Financing Repair Costs

11 Replies

There's many ways you can finance the repair cost. 

-HELOC, if you own your home and have equity built up, tap into that.

-Borrow from 401k, pretty easy to set up and funding is about 7-10 business days. repay is directly from paycheck 

-If you own an asset of some sort that has value, you can look at getting a loan against it. take a look at your state laws

-Credit Card balance increase, can get expensive.

-Friends and family, borrow and pay back at 10% interest or you could give them equity stake in the property. 

There are a slew of ways but get creative and have fun with it. That's what makes real estate so much fun. 

@Noah McPherson

You could do an FHA 203k loan but you have to have qualified contractors do all the work.

Otherwise you could find a hard or private money lender in your area. Most of them will give you that cost but you will still need a down payment.

@Noah McPherson   401k loan is one of the easiest ways, as you're paying back yourself the interest and it shouldn't show on your credit.  But you have to be comfortable with that.

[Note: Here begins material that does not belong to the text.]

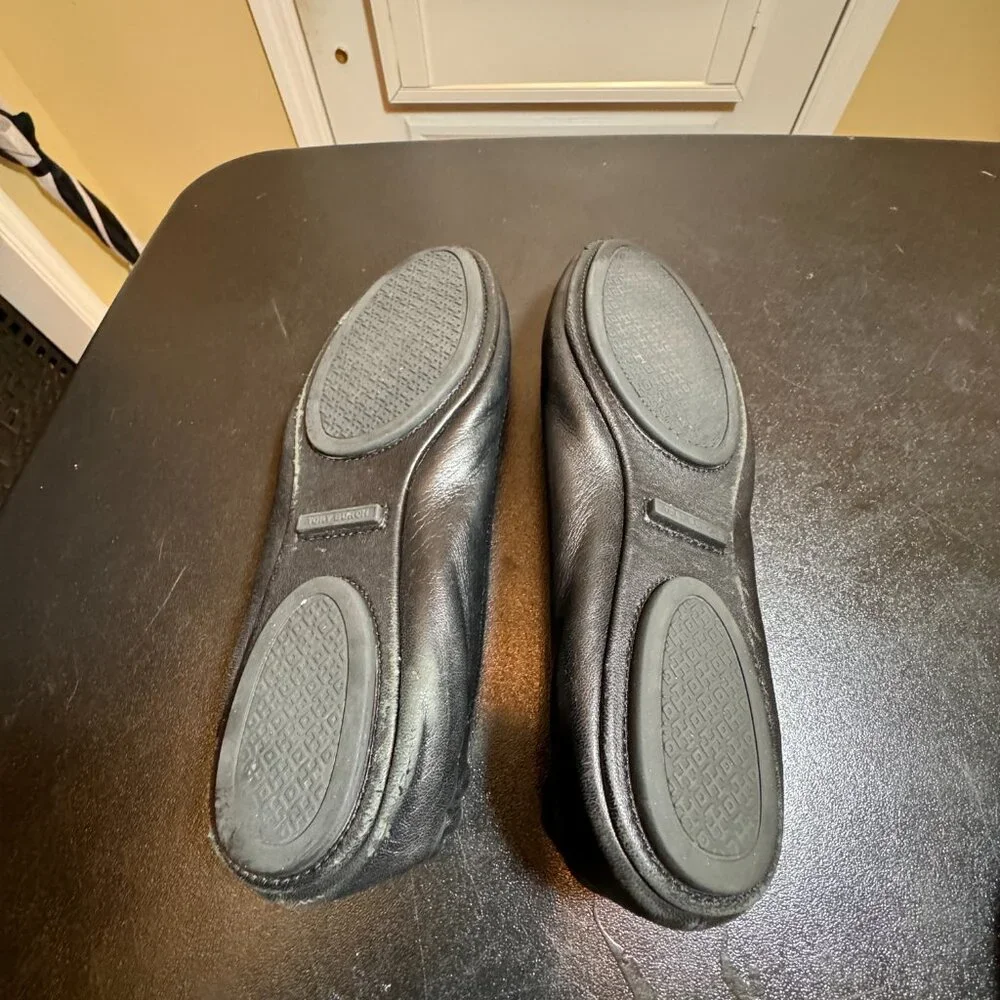 Tory Burch size 7.5 black flats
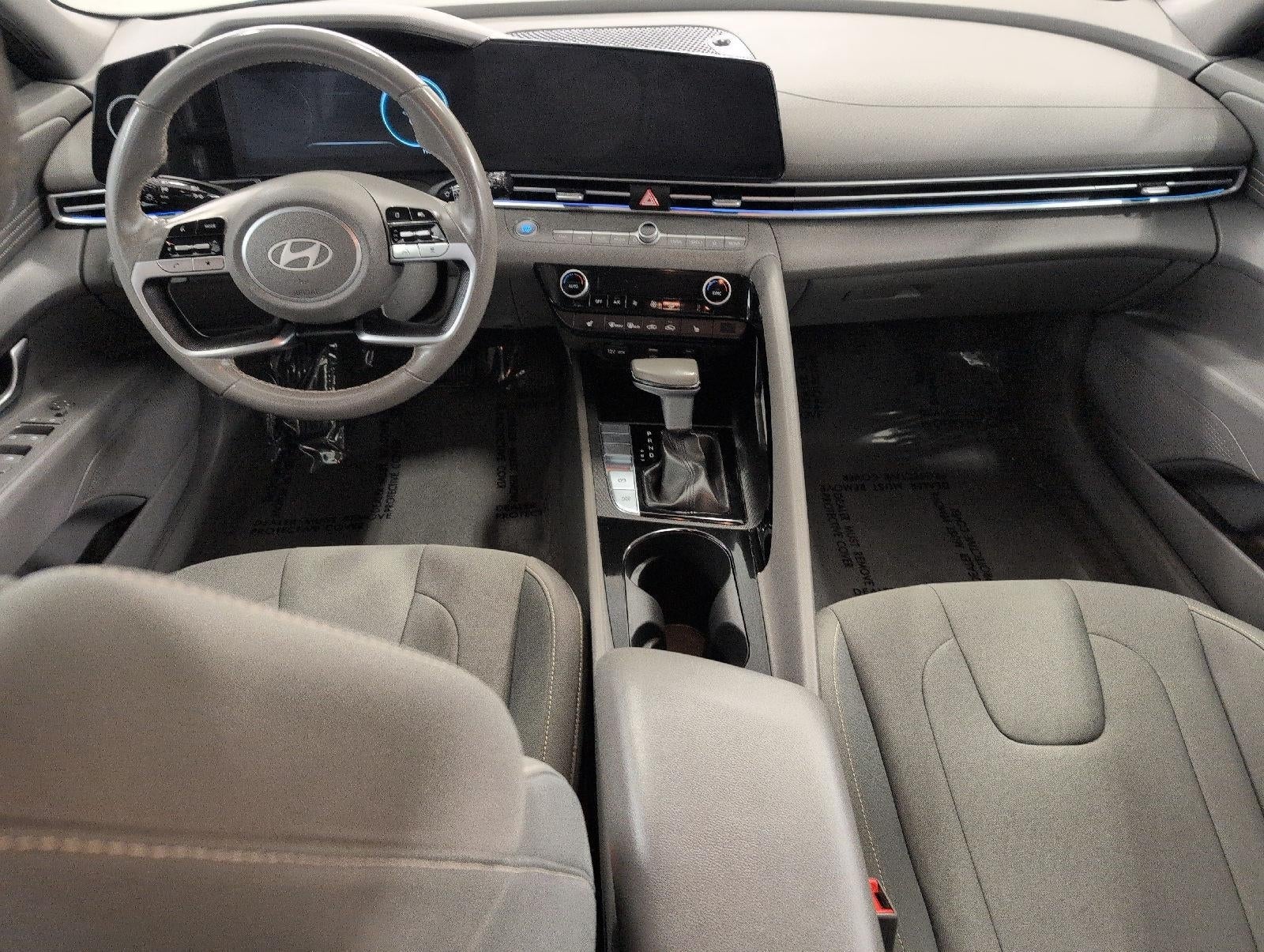 2024 Hyundai Elantra SEL IVT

I used Sofi for a $50k personal loan last year.  Very easy to work with, no fees at all or prepayment penalties, they funded the whole thing within two business days.  Interest rate around 11%.  Discover Personal Loans offered me the same terms up to $35k.

Good luck!

@Noah McPherson do you currently own the property or are you trying to close on one that needs repairs?

If you own it, try to figure out a way to tap into your equity via a HELOC or refinance.

If you are trying to close on it, use a construction loan product and follow what @Brandon Plombon is saying. Say the property you want to BRRRR is $100K, rehab at $35K (will need a contractor quote), and closing at $5k so you are all in at $140k. Get an ARV appraisal prior to closing on the loan and the right bank will lend on 75% of the ARV value. Say the ARV appraisal comes at $200k. $200k*0.75 = $150k and you can fully fund the deal without any cash (because your all in cost is $140k). Even if this doesn't fully cover your downpayment (based on purchase price, rehab, and ARV appraisal) you can typically greatly reduce your cash to close on a value add project like this. Shoot me a note for more info!

@Sam Torvinen is right here. Using fix-n-flip money can be a great way to get into a project. There are some upfront costs but it can be a great strategy to elevate a property to a new level. Most lenders, mostly private money, will do something in the 80-90% LTPP and 100% of rehab.